- **Exercise prompt**:
The response should contain all of the records, copied exactly, and none of the images.

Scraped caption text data

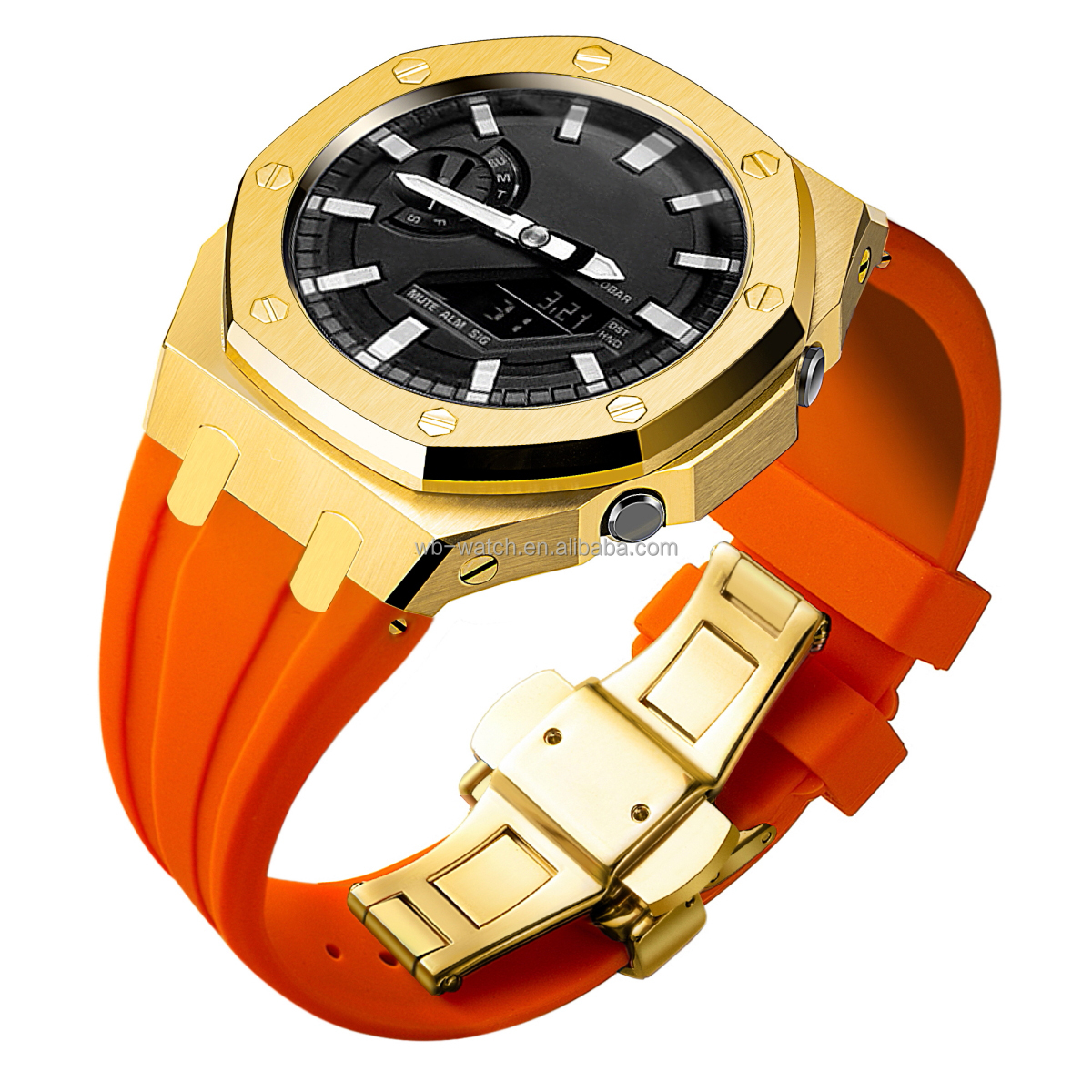 Boîtier doré + bracelet orange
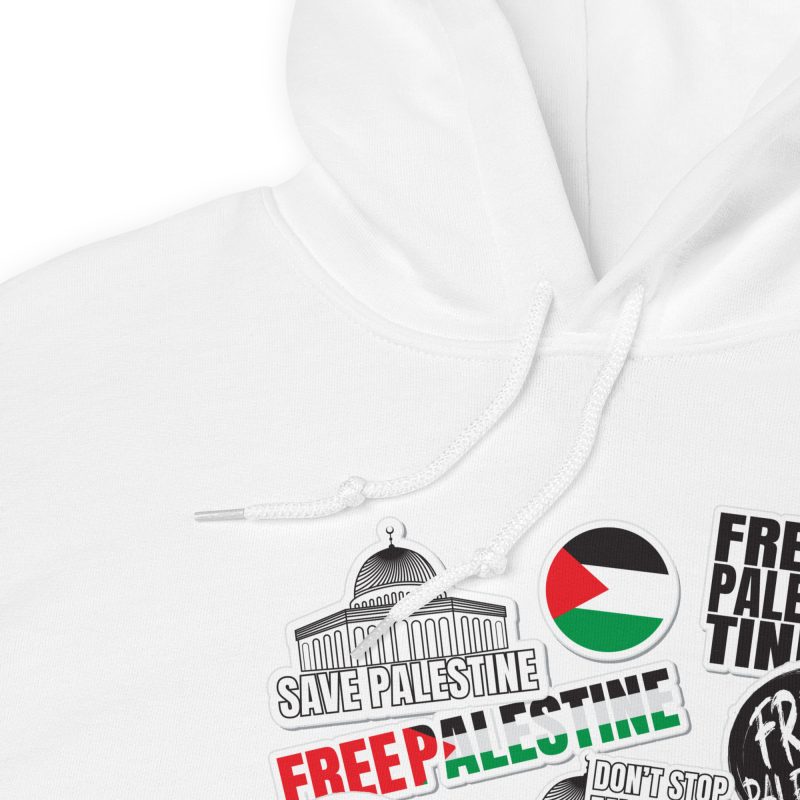 Free Palestine Stickers Unisex Hoodie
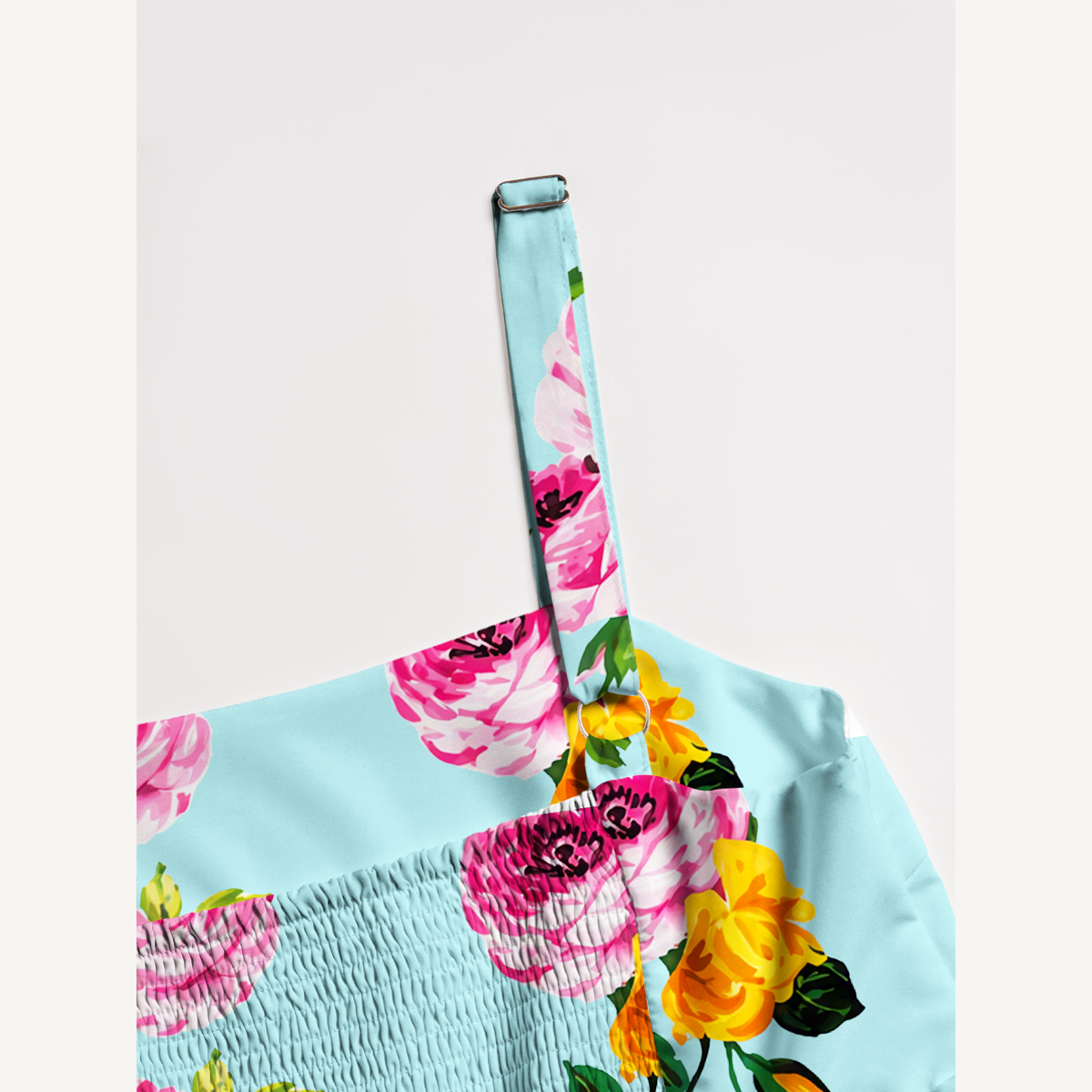 Pink Rose & Bumblebee Garden Print Strap Maxi Dress With Pockets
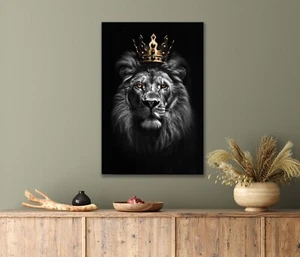 Lion With a Gold Crown on Its Head, Black 40x60cm Canvas or Metal Print Wall Art - Picture 1 of 4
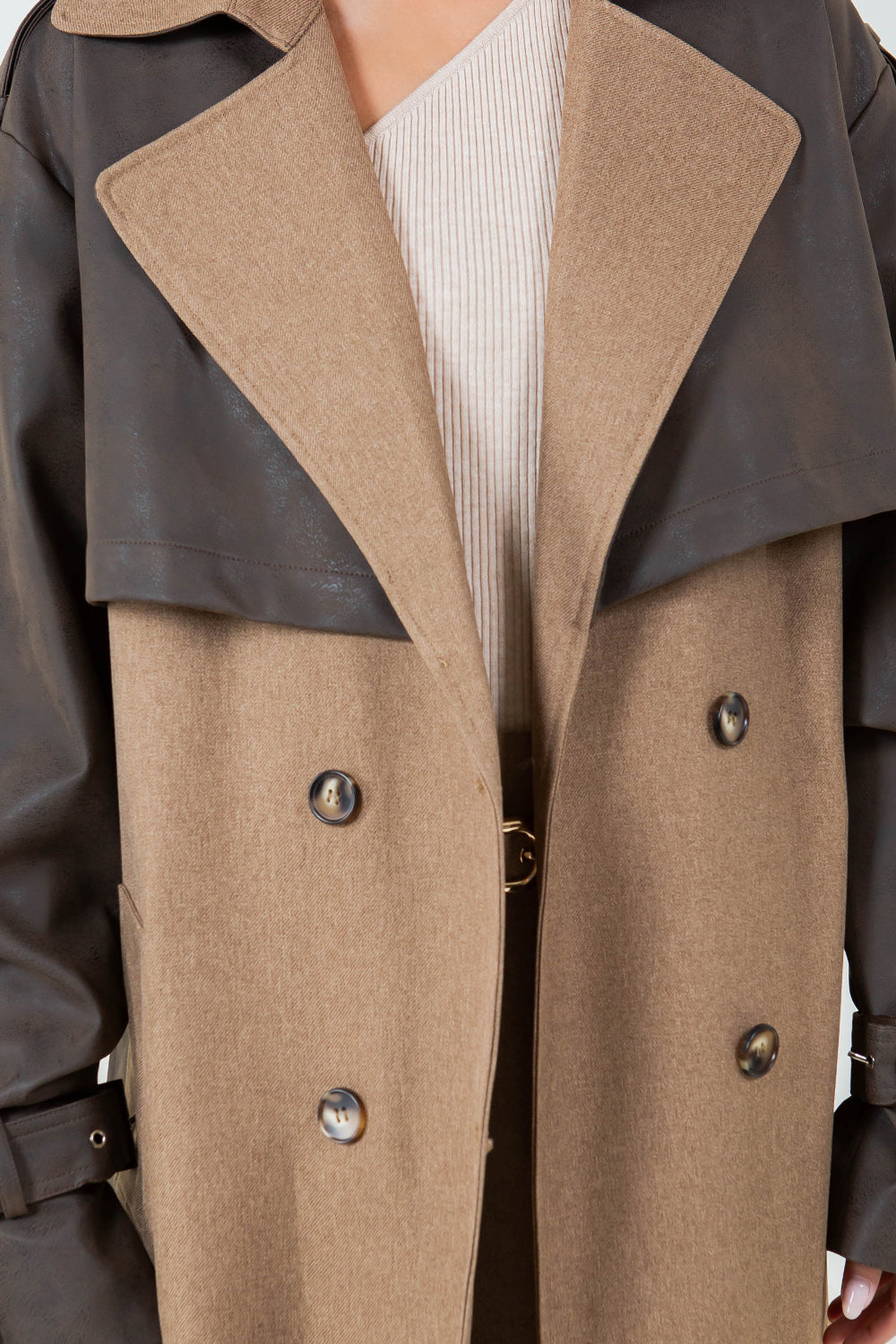 PU LEATHER CONTRASTED LONG TRENCH COAT - BROWN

- **Task answer**:
 Boîtier doré + bracelet orange
 Free Palestine Stickers Unisex Hoodie
 Pink Rose & Bumblebee Garden Print Strap Maxi Dress With Pockets
 Lion With a Gold Crown on Its Head, Black 40x60cm Canvas or Metal Print Wall Art - Picture 1 of 4
 PU LEATHER CONTRASTED LONG TRENCH COAT - BROWN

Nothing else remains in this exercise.